Besides pleasing the NAZI officials, what seemed to drive the assistance was the

opportunity to gain a cow, the dishes, the jewelry, the land…..the material leavings

of their neighbors. Judy Chicago explored the complacency of the neighbors who lived

near the death camps and how they could not have avoided the stench and the activities

of those camps. She made images which illustrated the banality of that evil, and then

shocked everyone when she also added animal experimentation and images of the

feedlots.

Here’s the prompt for Response 5:

Read Elie Wiesel’s NIGHT and observe instances of human evil that came into

his life from 1944 through 1945.

Summarize as best you can how Elie Wiesel as a young man witnessed unspeakable

crimes against humanity and wrestled with his faith in trying to come to terms with

why God didn’t seem to be doing anything to prevent the carnage and the cruelty.

You can include PARAPHRASE or a DIRECT QUOTE in your summary.

Respond from your own reader’s experience (sometimes this means responding the

experience itself; otherwise, respond to the writing or the information that has been

presented). How does Wiesel manage to give this story so much life and presence?

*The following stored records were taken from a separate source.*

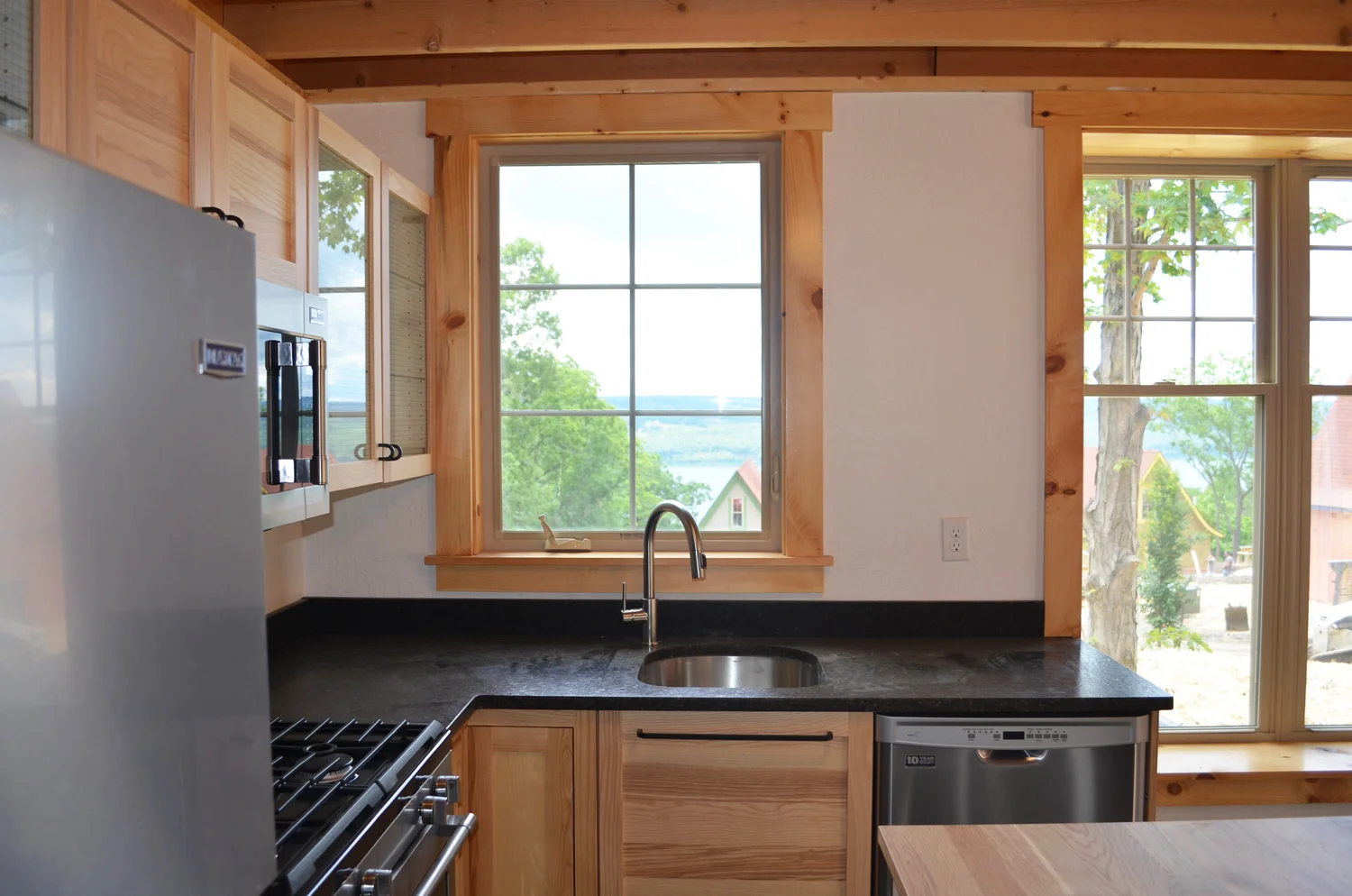 la-bourgade-on-seneca-kitchen-view.jpg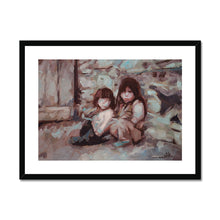 Load image into Gallery viewer, Rusul Ali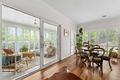 Property photo of 7 Edgecombe Street Kyneton VIC 3444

Can you empathize with Wiesel’s loss of faith and the theological implications of the

questions he raises? How does his account compare with other Holocaust literature

you may have read?

For further pondering (not required):

Never Again.

When I visited The Holocaust Museum in Washington, D.C. in 2012, I learned

the mission of the museum as a place of remembrance is to ensure that something

like the NAZI death camps could never happen again. How did those who perpetrated

the genocide conducted by the Third Reich justify their actions? What human impulses

and ideas were behind their actions? How did religion contribute to climate of justification?

And lest we forget, genocide has happened again and again in the meantime…..Cambodia,

Rwanda, Darfur, Bosnia, Nigeria/Biafra, and now maybe Syria. So do we as a human society

have the will and the means to prevent Never Again?